In both cases, of course, those intimidated by these large corporate entities represented no real threat to the corporations. Sony Corporation is not, too my knowledge, in the restaurant business, and a student-organized game watching event could only serve to increase interest in the Super Bowl on campus. In fact, the name "Superb Owl Party" probably confused a few students and may have actually reduced the number of viewers watching the game on campus, which seems to me to be contrary to the interests of the NFL and its commercial sponsors.

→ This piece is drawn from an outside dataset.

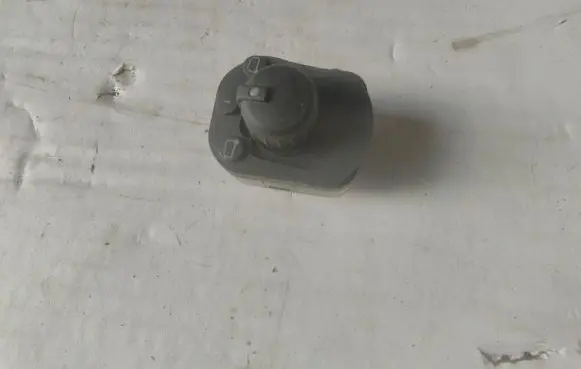 Audi A4 S4 B6 8E 8H Wing mirror switch 8E0959565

And in both cases, large corporations used their legal offices against those without comparable resources to impose unreasonable outcomes that most people would think nonsensical. Now I understand that courts and lawyers are always looking for business, but there ought to be a "contempt of the legal process" law that would establish a special court that would allow victims to have these kind of intimidation efforts served "cease and desist" orders without the need to spend their limited resources on legal counsel. Individuals like Sony Florendo should not be faced with the choice of a legal fight against a large corporation that would inevitably lead to personal bankruptcy or being forced to take her own name off her business. Students at our universities should not be threatened with legal action just because they want to watch the Super Bowl together and call the event what it is.
Alternatively, someone, somewhere in our legal system should act in the role of a citizen's legal ombudsperson and have the authority to say at the point legal action is threatened, "This action reflects contempt for the legal system and an individual's (or a group's) resources should not be consumed in defending such nonsense."
I would encourage my friends in the legal profession to consider other possible remedies for such abuses. Such frivolous and nonsensical uses of legal intimidation may keep lawyers employed, but they don't serve the cause of justice.